SUPPLIED ENTRIES Start Marker

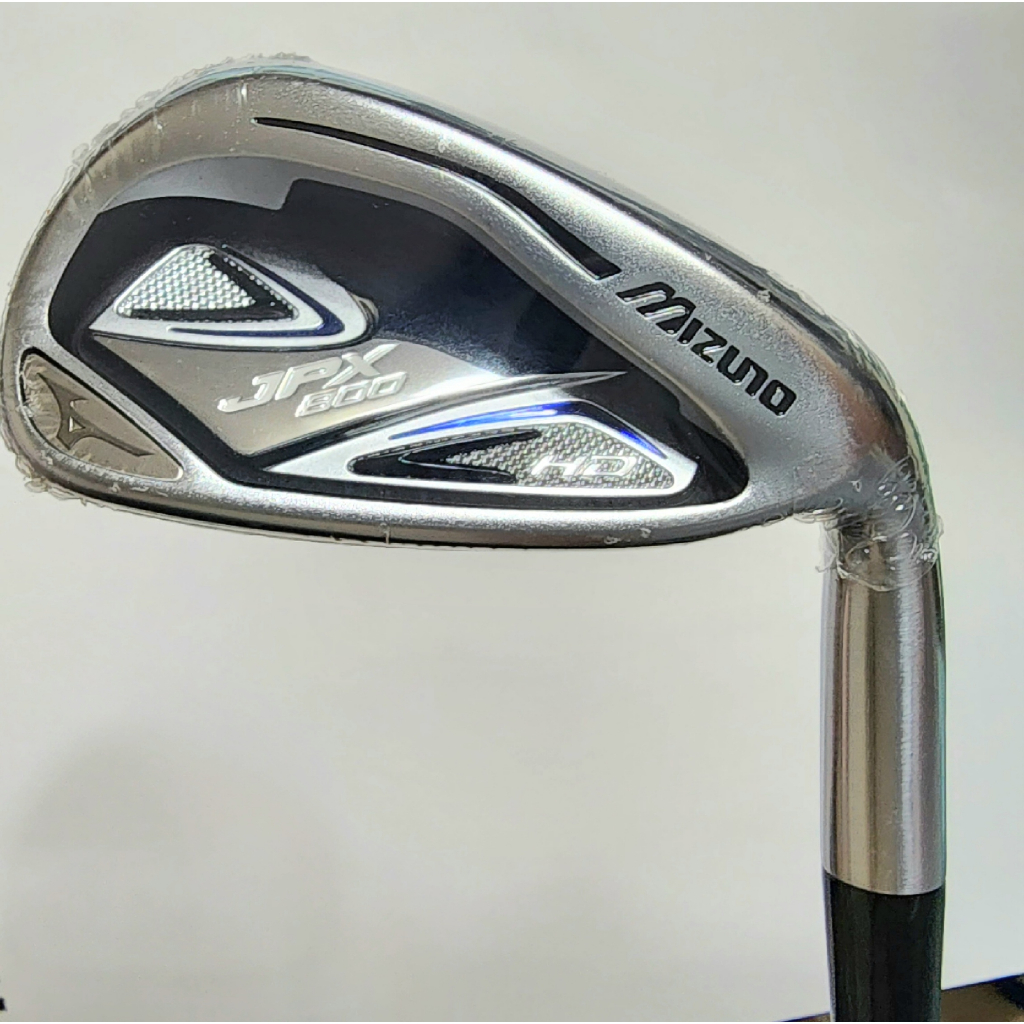 Mizuno #7鐵 JPX 800 HD & RV7 適初學者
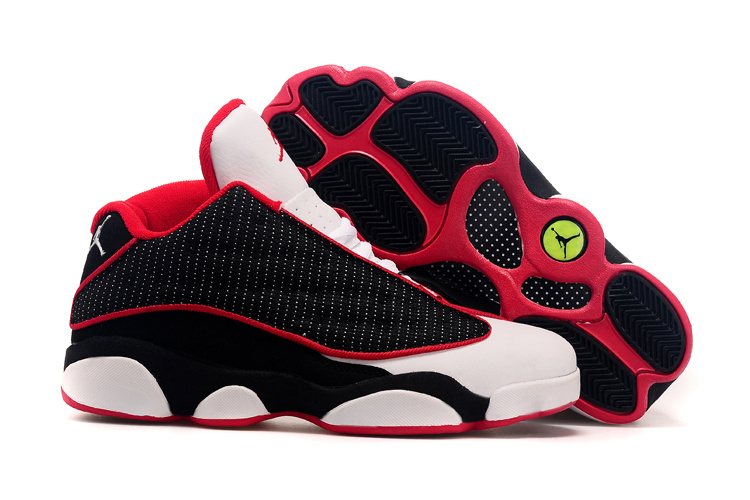 Air Jordan 13 Low AAA-006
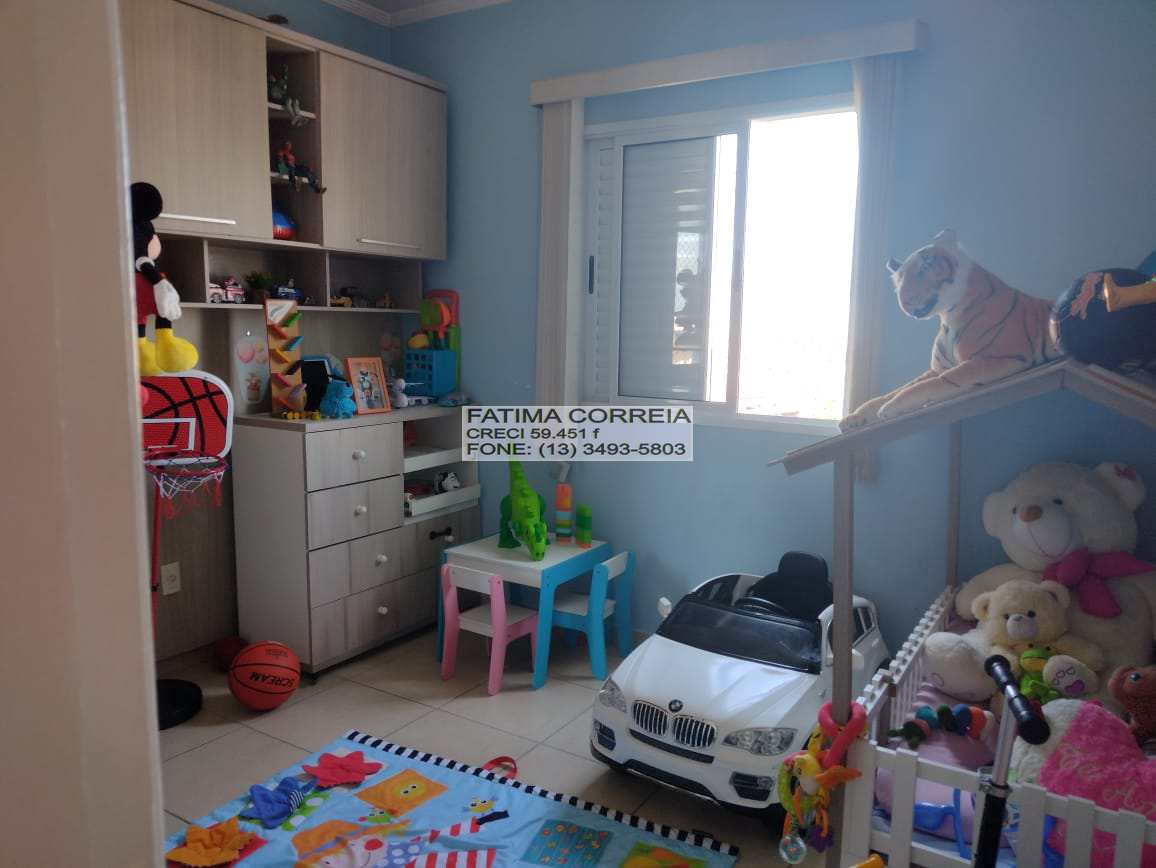 Apartamento à venda com 2 quartos, 80m² - Foto 9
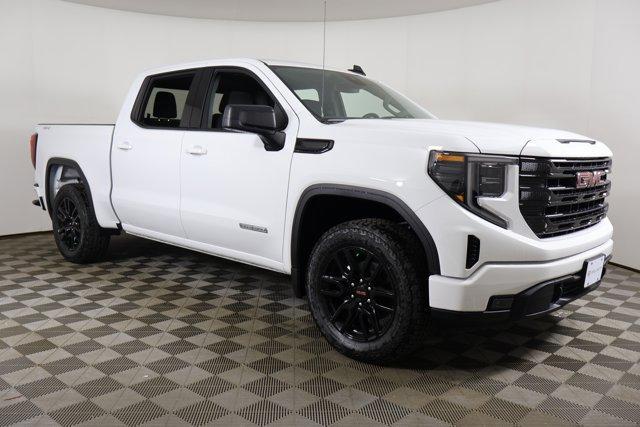 new 2024 GMC Sierra 1500 car, priced at $53,730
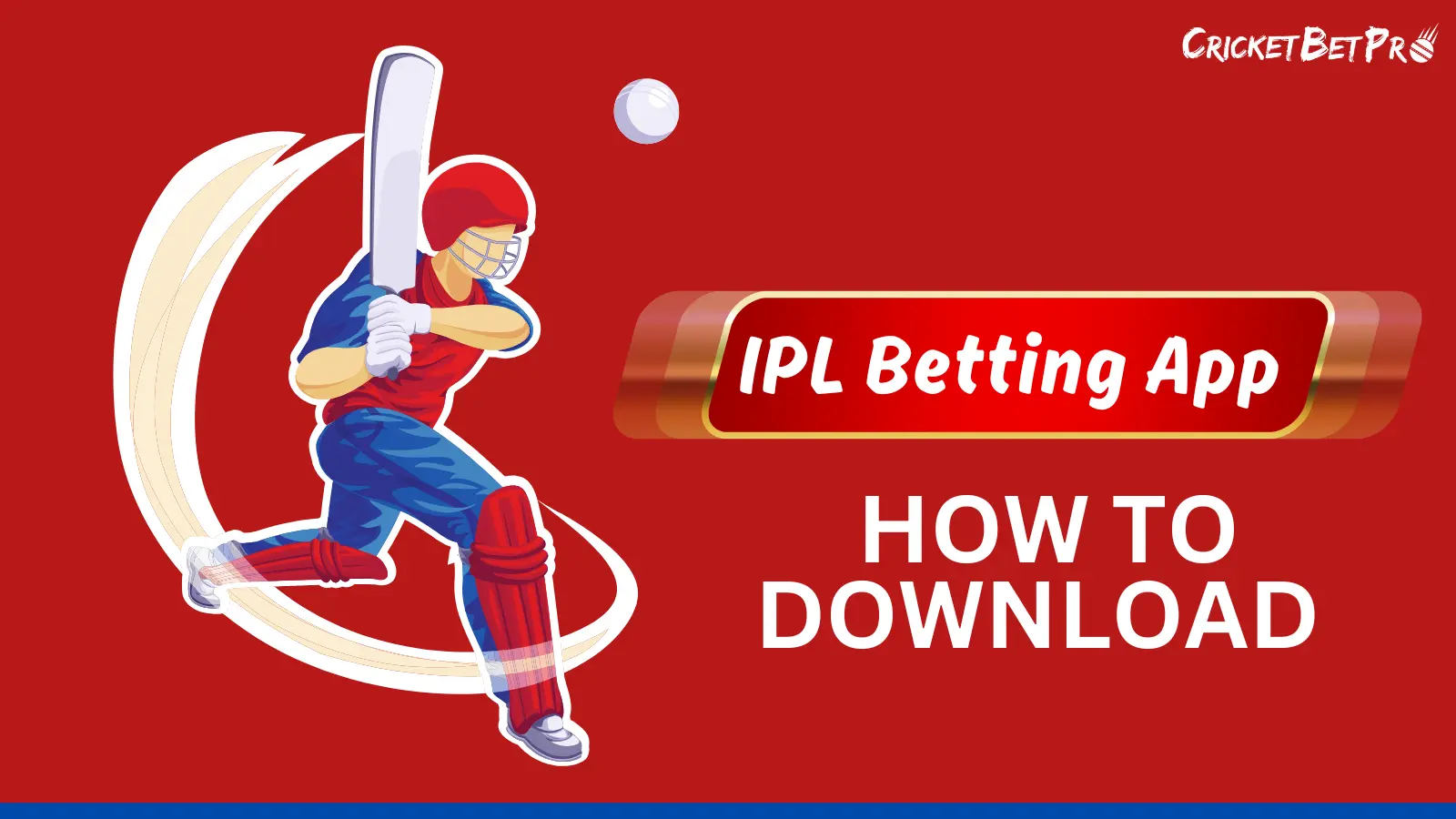 How to Download the IPL Betting App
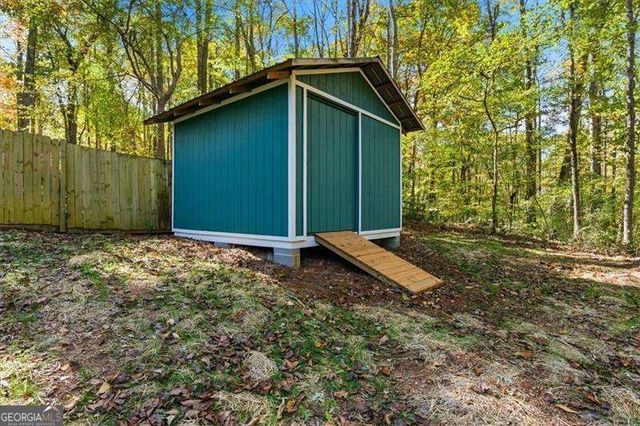 3375 Spinnaker Way, Acworth, GA 30102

SUPPLIED ENTRIES End Marker

### TASK TO CARRY OUT
A verbatim reproduction of each entry is expected, with every picture omitted.

### COMPLETED EXERCISE
 Mizuno #7鐵 JPX 800 HD & RV7 適初學者
 Air Jordan 13 Low AAA-006
 Apartamento à venda com 2 quartos, 80m² - Foto 9
 new 2024 GMC Sierra 1500 car, priced at $53,730
 How to Download the IPL Betting App
 3375 Spinnaker Way, Acworth, GA 30102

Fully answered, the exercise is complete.